El Trovador de Oficina

Normalmente se acercaba los viernes. Teníamos una cuadrícula apaisada en el panel de corcho de empleados donde figuraban los teléfonos del Telepizza, TeleTaxi, y otra serie de servicios telemáticos de público interés. En ella, se exponían los días de asistencia a la oficina de servicios complementarios, entre los que contábamos con el Trovador de Oficina.

Admito que puede parecer una idea inhabitual, aunque yo más bien lo clasificaría como un servicio indispensable, dada la crudeza de los tiempos en los que vivimos a los que, lógicamente, nuestra oficina no es ajena.

Nuestro medio ambiente laboral tiene algunas peculiaridades que debería comentar para situar al lector. Nos dedicamos a la elaboración de estudios de viabilidad de nuevas empresas, con el fin de valorar la conveniencia de apoyarlas con subvenciones públicas. Se trata por tanto, de facilitar o dificultar la conversión de sueños entrañables o pensamientos idilicos, en realidades palpables y tangibles. Ya podrá suponer el lector nuestro alto grado de responsabilidad.
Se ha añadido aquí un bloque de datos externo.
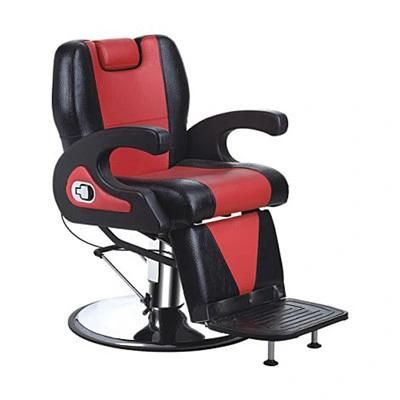 Hl-9254b Salon Barber Chair for Man or Woman with Stainless Steel Armrest and Aluminum Pedal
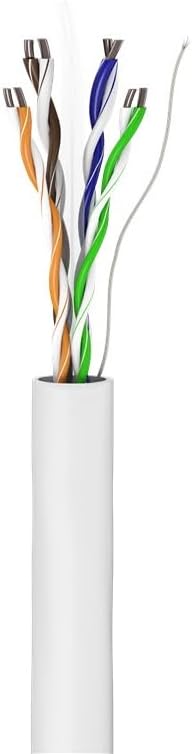100m CAT 6 Netzwerkkabel, U/UTP, Weiß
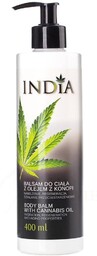 Balsam do Ciała z Olejem Konopnym, India Cosmetics,
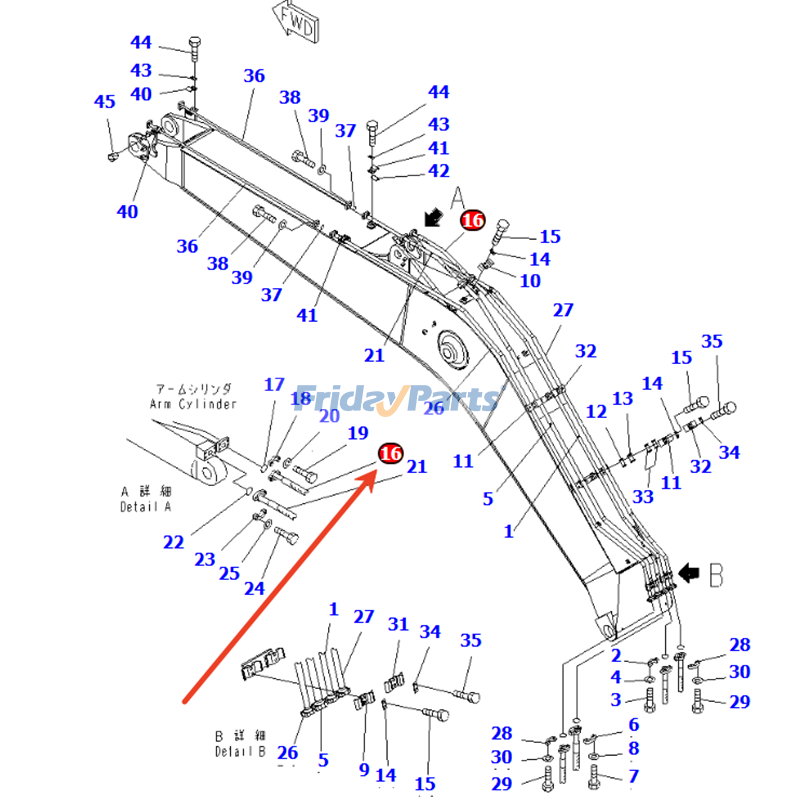 Line Hose for Excavator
El desarrollo normal de nuestro trabajo incluye discusiones, intercambio de pareceres e incluso peleas, normalmente entre la sección creativa y los financieros. Es lógico. Estos últimos intentan imponer la dictadura del excel y los primeros, la democracia de los anhelos más profunfos. El yin y el yan.

Lamentablemente, la última palabra la tiene el financiero. Es el cancerbero de esa Laguna Estigia donde se acumulan los billetes que podrían transformarse en la felicidad de las personas, de esos emprendedores ilusionados e ilusos que acuden a nuestras puertas en busca de comprensión, solidaridad y cercanía.

Los creativos, a la vista de las enormes tensiones que adornaban las mesas de trabajo, decidimos cambiar de estrategia y recurrir a nuestras armas: La imaginación, el disparate, la locura. Y se nos ocurrió que el antiguo dicho “la música amansa a las fieras”, podría tener una aplicabilidad práctica, previo a que las reuniones se transformasen en una especie de Trafalgar sin barcos.

Propusimos múltiples ideas: hilo musical con mensajes subliminales, galletas de la suerte chinas en la máquina del café, con mensajes lacrimógenos procedentes de canciones románticas, peticiones radiofónicas orientadas a su ablandamiento sentimental…Ya digo que somos los creativos, nos pueden acusar de otra cosa, pero ideas, lo que se dice ideas, tenemos para exportar.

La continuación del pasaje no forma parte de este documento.